October 31, 2013
Greek societies at Hamilton stand out from those typical of any large university, or even small college for that matter. Rather than throwing exclusive parties in keg stand-filled frat houses, Hamilton’s Greek Organizations host all-campus parties that make up one dimension of the College’s weekend social scene. And that’s hardly their sole contribution to the campus and surrouding communties. Greek societies also collaborate in their charity efforts.
This is largely because of the Greek Philanthropy Union (GPU), a club comprised of Philanthropy Chairs from each Greek society on campus. The club has currently undergone some changes as Sam Hutchinson ’13 handed the club over to new GPU President Graham Boyd ’14, Vice President Chris Jusuf ’15 and Treasurer Kiyan Savar ’15. This new team is strong out of the gate and shows great promise to improve the GPU’s visibility on campus.
One of the biggest changes to the GPU this year is the development of community partners, to which each society will dedicate its efforts and maintain a consistent relationship. Boyd added, “the development of community partners, will help Greek societies develop long term relationships with local organizations, allowing us to truly give back to the community.”
In the past, some Greek societies have had particular non-profit organizations for which they consistently volunteered. For example, sorority Alpha Theta Chi has been volunteering at the Kirkland Town Library on a weekly basis for at least five years. However, having the GPU expect these formal relationships with community partners encourages societies to commit to non-profits and further supports those who already have. Additionally, the GPU promotes accountability and dedication to community partners by maintaining high expectations of its members. More importantly, it provides a platform for sharing service experiences, debriefing and problem-solving, which are so integral to sustaining and improving service.
There is something very powerful in the simple act of gathering and sharing service experiences; it allows for meaningful reflection. Boyd shared his own experience after Chi Psi had their first service day with the Montgomery Experience, a local non-profit providing an outdoor haven to families and children with cancer or other terminal illnesses.
“It was an incredible experience, giving us all some perspective on the challenges faced by many in the Oneida County area,” Boyd said.
Hearing great service stories, such as Boyd’s, encourages other Greek societies to get involved and spreads the love of service.
As about a third of the campus community, Greek members have power in numbers when it comes to philanthropy.
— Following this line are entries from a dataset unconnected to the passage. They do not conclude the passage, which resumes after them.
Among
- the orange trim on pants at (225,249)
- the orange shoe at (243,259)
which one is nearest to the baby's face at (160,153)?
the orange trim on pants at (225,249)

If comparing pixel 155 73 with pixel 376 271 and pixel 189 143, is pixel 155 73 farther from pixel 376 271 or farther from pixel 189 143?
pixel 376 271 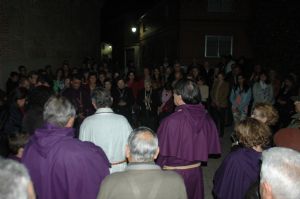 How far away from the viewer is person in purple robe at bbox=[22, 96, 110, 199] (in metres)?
3.16

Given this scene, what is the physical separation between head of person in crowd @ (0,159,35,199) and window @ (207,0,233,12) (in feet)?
67.6

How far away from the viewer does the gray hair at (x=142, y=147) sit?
286cm

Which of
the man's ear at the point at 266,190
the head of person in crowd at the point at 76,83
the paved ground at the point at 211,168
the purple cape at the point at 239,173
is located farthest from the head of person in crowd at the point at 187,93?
the head of person in crowd at the point at 76,83

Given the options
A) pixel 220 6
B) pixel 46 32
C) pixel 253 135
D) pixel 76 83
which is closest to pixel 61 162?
pixel 253 135

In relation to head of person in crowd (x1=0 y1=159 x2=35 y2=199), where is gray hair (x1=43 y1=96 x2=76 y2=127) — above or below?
above

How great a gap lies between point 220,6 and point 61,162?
20046 millimetres

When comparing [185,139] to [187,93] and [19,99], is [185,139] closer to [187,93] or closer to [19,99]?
[187,93]

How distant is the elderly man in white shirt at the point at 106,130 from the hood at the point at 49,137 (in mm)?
1115

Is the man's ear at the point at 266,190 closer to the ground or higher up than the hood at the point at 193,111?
closer to the ground

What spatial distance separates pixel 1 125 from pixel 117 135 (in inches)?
80.2

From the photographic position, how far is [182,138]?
4.30 meters

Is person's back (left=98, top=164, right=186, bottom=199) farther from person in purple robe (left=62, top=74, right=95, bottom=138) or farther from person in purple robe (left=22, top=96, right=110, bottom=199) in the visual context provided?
person in purple robe (left=62, top=74, right=95, bottom=138)

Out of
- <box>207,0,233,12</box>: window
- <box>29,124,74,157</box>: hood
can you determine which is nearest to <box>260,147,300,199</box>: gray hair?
<box>29,124,74,157</box>: hood

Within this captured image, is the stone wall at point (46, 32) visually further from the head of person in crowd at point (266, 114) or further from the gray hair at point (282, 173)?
the gray hair at point (282, 173) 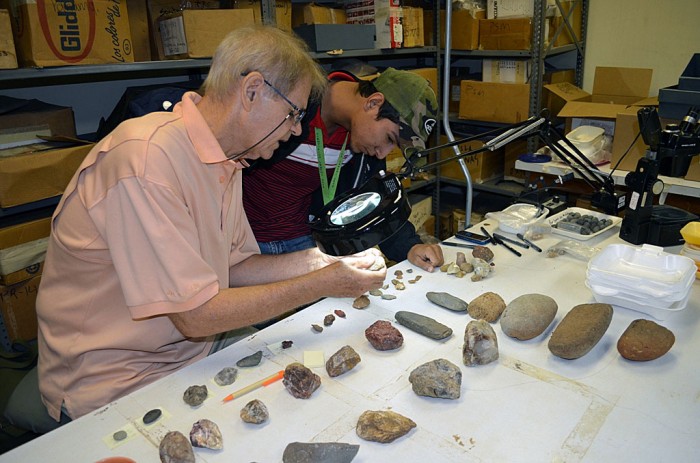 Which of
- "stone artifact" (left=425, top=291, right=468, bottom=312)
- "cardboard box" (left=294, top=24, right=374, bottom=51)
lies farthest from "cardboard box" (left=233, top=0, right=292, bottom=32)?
"stone artifact" (left=425, top=291, right=468, bottom=312)

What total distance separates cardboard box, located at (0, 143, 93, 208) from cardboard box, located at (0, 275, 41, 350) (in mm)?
337

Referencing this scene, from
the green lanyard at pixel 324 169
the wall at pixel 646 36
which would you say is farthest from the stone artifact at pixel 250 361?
the wall at pixel 646 36

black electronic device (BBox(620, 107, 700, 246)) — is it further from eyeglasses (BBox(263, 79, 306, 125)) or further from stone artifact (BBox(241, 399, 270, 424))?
stone artifact (BBox(241, 399, 270, 424))

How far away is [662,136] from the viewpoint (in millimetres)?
1749

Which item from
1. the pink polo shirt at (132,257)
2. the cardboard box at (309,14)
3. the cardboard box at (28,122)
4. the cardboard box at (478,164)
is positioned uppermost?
the cardboard box at (309,14)

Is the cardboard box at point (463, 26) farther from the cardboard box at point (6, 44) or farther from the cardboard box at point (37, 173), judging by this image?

The GPU presents an exciting way to unite Greek societies and focus their efforts towards philanthropic events. The GPU is currently honing in on Breast Cancer Awareness Month and has organized large-scale events that will involve a majority of Greek life and the Hamilton community. A Powderpuff Football game and a Breast Cancer Walk during Family Weekend are the first events the GPU will accomplish as a collective unit. Breast Cancer Awareness events do not stop there. On the individual level, Greek society Delta Chi had their annual three-versus-three basketball tournament Saturday, Oct. 26, and all proceeds collected during that event will benefit cancer research. Events such as the basketball tournament are expected to gain a lot of traction with the student body and, of course, with Greek members. it is evident the GPU is succeeding in garnering support for its first collective and individual events by strengthening ties among societies and regularly meeting to discuss upcoming events.
With the influx of changes to Greek life over past years, recent press surrounding Greek societies has centered on pledging, rushing and perhaps housing. The GPU may serve as Greek life’s saving grace. Instead of the College viewing Greek societies as sole advocates of their own social issues, the GPU broadcasts the impressive philanthropic achievements made by Greek members on a daily basis.
Further, the GPU challenges societies to extend efforts outside of its small group of members. Jusef explained, “While everyone in fraternities and sororities already know the networking, bonding and growth benefits [Greek societies] provide to its members, it’s important that the entire community benefit from our existence as well.”
Thanks to the GPU, Greek societies will be much more visible on campus as they maintain community partners, hold large-scale fundraisers and seek to improve relations beyond those with our own societies.